**Task directions**
From the line holding "Hearth and Home" through the line holding "Tarjeta De Recomendación" below, write out every line exactly; include both of those lines and drop the pictures.
--- START ---
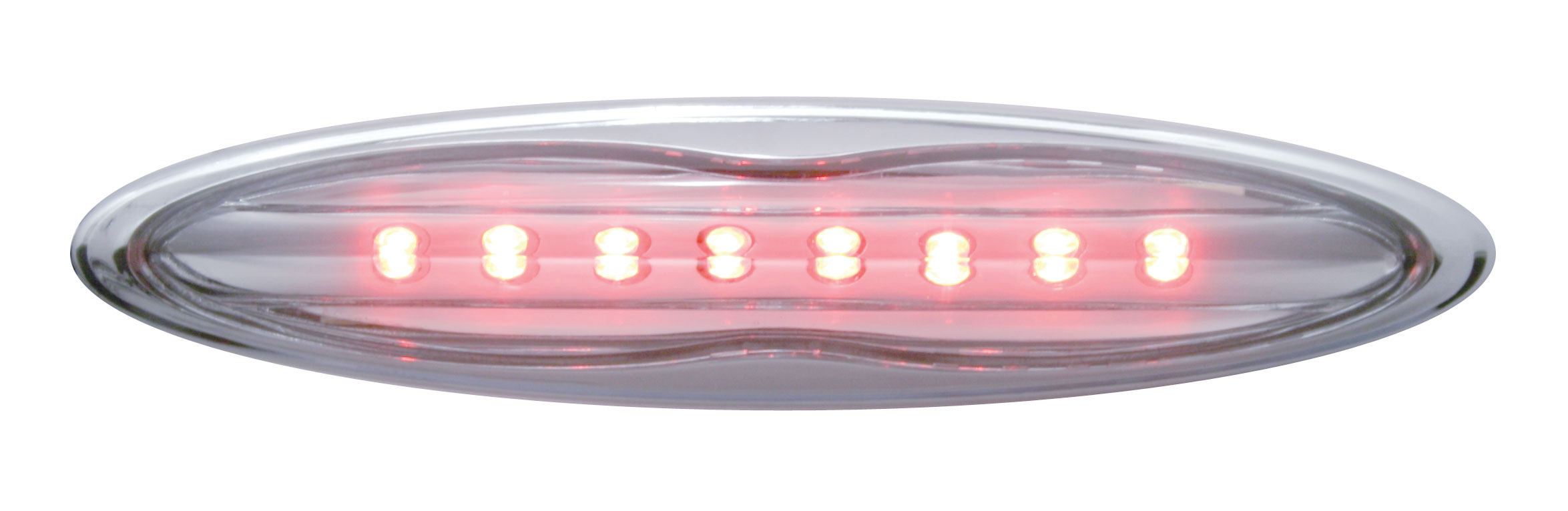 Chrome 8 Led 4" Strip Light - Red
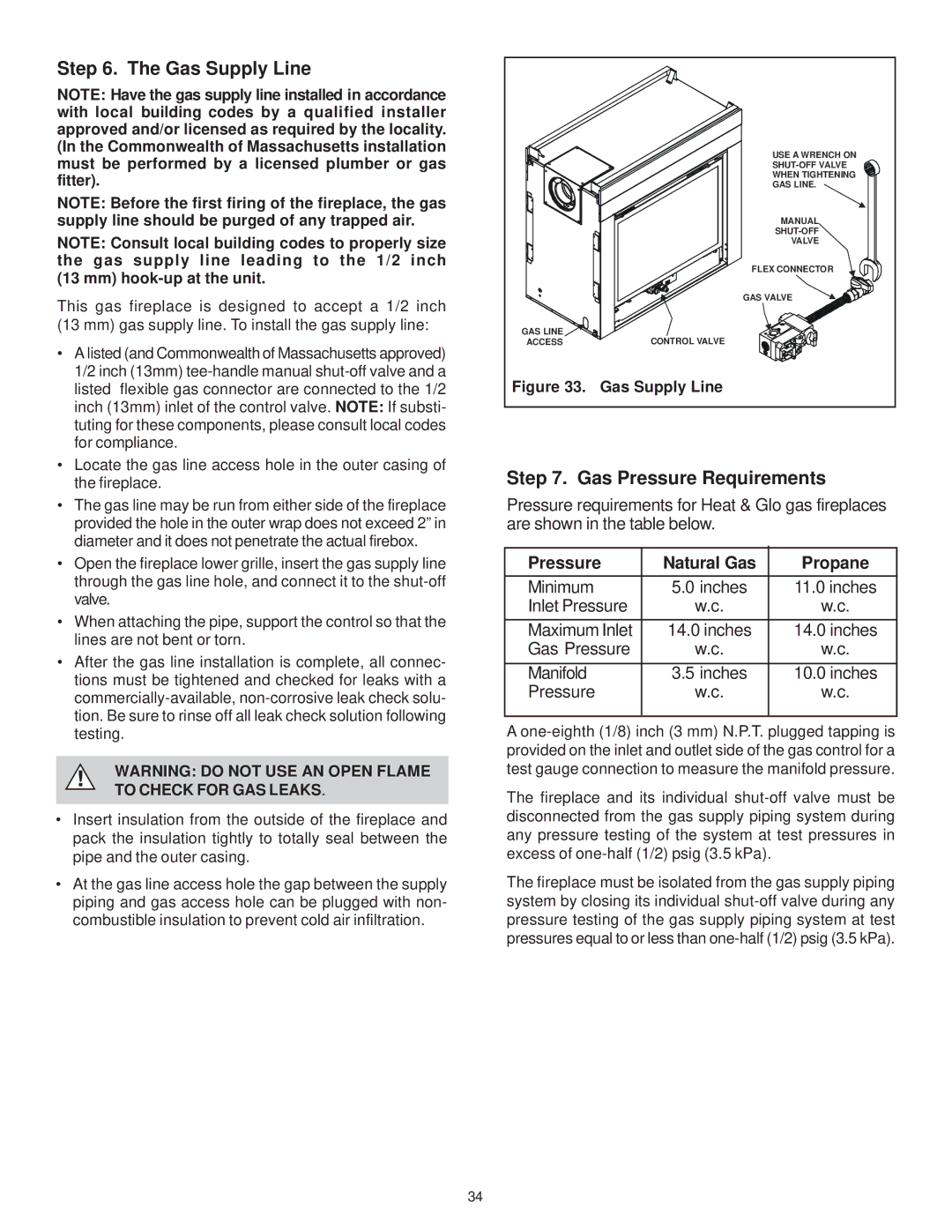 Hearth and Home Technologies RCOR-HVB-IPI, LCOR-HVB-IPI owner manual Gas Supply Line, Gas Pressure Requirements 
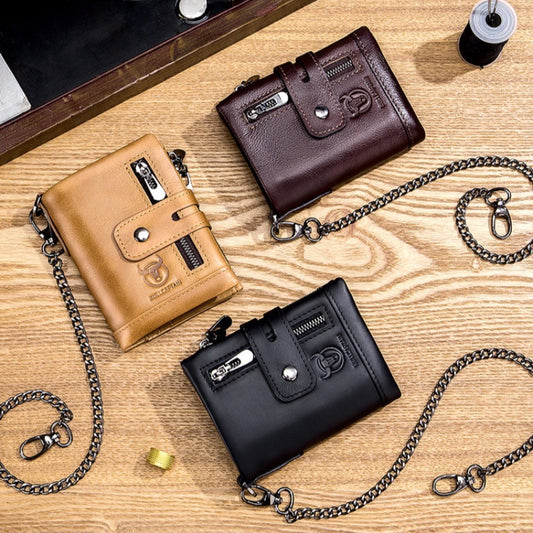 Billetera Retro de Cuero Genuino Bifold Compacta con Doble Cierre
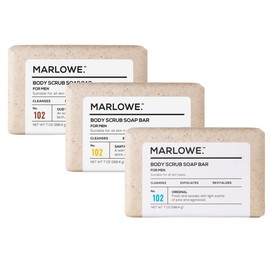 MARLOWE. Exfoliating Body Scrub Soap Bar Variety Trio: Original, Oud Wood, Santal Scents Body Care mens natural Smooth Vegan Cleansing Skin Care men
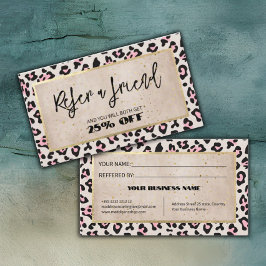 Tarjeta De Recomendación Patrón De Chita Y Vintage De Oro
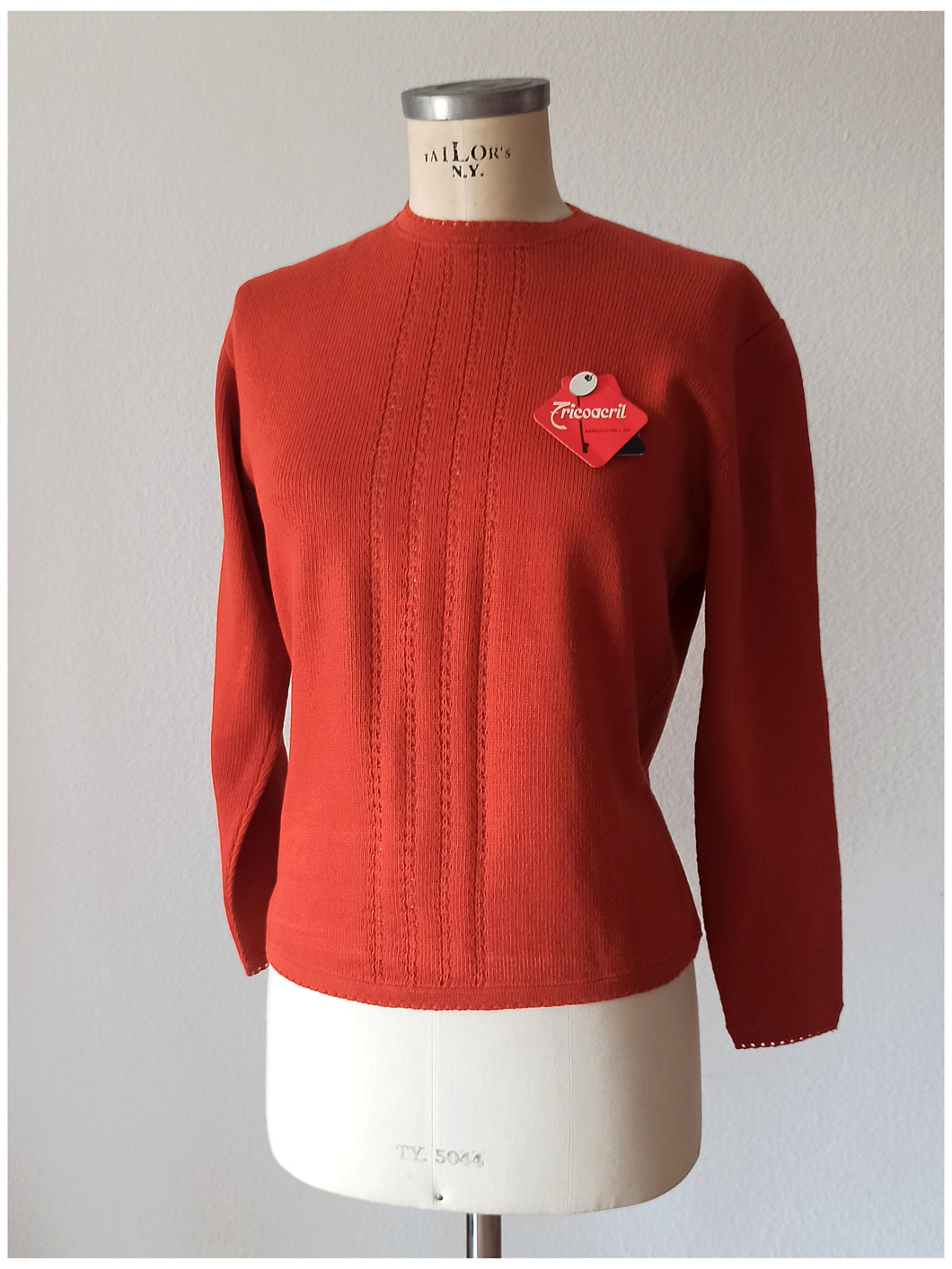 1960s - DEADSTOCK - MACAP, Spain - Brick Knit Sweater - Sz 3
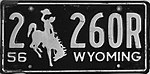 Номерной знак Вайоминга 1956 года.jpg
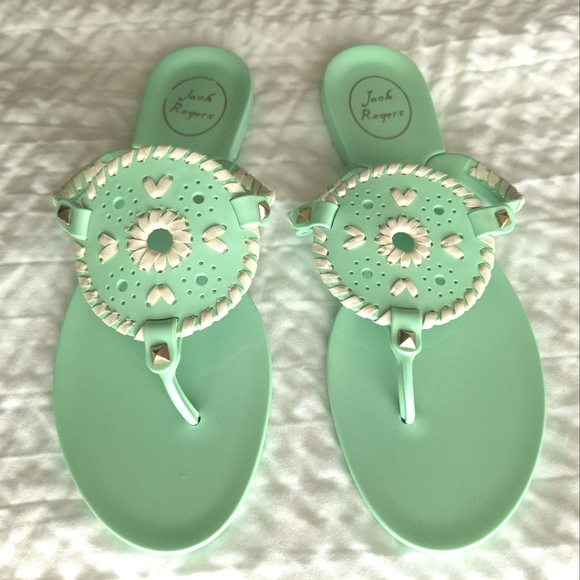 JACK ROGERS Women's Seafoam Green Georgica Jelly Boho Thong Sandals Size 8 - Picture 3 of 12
--- END ---
**Exercise result**
 Hearth and Home Technologies RCOR-HVB-IPI, LCOR-HVB-IPI owner manual Gas Supply Line, Gas Pressure Requirements 
 Billetera Retro de Cuero Genuino Bifold Compacta con Doble Cierre
 MARLOWE. Exfoliating Body Scrub Soap Bar Variety Trio: Original, Oud Wood, Santal Scents Body Care mens natural Smooth Vegan Cleansing Skin Care men
 Tarjeta De Recomendación Patrón De Chita Y Vintage De Oro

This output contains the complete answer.